Issue 23, Summer 2019 (digital)

$4.99

Have a sip of summer wine with Kelly Robson, enter mythic worlds with Lena Zaghmouri and Christian Walter, crack the code of another Fairmount Manor Mystery by Mel Anastasiou, peek into sixteenth-century Ecuador with an excerpt of What the Wind Brings by Matthew Hughes, and read the final chapters of Allaigna’s Song:  Aria by JM Landels. All this plus poetry by Casey Reiland, Raluca Balasa, Alison Braid, and Lola Street with Chaille Stovall, as well as  flash fiction from Susan Pieters, Deborah Davitt, Josephine Greenland, and Zoë Johnson.

Description

Greetings, our spectacular cover painting by Akem welcomes you into Issue 23, where …

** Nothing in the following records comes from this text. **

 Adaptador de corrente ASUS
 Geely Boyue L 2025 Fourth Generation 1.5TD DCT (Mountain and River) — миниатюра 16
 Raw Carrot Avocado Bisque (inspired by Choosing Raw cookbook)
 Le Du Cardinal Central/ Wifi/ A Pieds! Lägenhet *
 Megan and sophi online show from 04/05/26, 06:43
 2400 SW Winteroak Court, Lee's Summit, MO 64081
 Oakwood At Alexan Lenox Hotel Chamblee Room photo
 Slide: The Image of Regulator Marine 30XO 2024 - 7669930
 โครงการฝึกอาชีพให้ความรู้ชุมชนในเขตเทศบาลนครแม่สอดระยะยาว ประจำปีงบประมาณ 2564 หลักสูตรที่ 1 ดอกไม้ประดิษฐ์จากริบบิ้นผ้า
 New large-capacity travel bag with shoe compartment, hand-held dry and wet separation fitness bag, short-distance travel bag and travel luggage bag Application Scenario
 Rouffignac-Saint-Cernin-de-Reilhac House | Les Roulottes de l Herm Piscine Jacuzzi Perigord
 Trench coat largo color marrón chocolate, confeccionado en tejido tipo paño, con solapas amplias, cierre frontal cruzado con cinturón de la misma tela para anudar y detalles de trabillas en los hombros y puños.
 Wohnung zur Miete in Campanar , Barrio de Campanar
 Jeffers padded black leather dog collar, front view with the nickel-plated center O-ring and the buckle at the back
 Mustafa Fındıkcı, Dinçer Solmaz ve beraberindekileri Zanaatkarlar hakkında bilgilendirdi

  • Featured author Kelly Robson shows us that wine making is a labour of love, and sometimes hate, in ‘Good for Grapes’.
  • Matthew Hughes’s magnum opus, What the Wind Brings, debuts aboard the Spanish galleon La Virgen, with an epic struggle brewing on the horizon.
  • Stella Ryman is ready for new adventures in Stella Ryman and the Locked Room Mystery by Mel Anastasiou, while Allaigna must make hasty goodbyes in the final chapter of Allaigna’s Song:  Aria by JM Landels.
  • It’s a dog-eat-dog world — or wolf-eat-dog world — in Christian Walter’s ‘Wolf, Dog, Sun’, and Zoë Johnson reminds us to take stock of everyday miracles in ‘Inherited Love of Unexplainable Things’.
  • Take a draught of heady poetry from Casey Reiland, Raluca Balasa, and Alison Braid.
  • Lena Mahmoud breathes new life into an old Arabian folk tale with ‘The Thieving Pot’, and Josephine Greenland dissects a Thai myth in the Bumblebee Contest winner, ‘Wife Giver’.
  • Deborah Davitt’s protagonists hold out for as long as they can in ‘On the Sixth Day’.
  • Come and get the good stuff in Susan Pieters’s ‘Black Market’, and see the dark(er) side of the financial district in Lola Street’s ‘Wall Street at Night’ illustrated by Chaille Stovall.
  • We have the two runners-up of the Surrey International Writers’ Conference Storyteller Contest in this issue:  ‘Biophilia’ shows us there’s hope in Margot Spronk’s post-apocalyptic world, but not necessarily for humans; while Deepthi Atukorala takes us down an emotional rabbit hole with ‘White Rabbit’.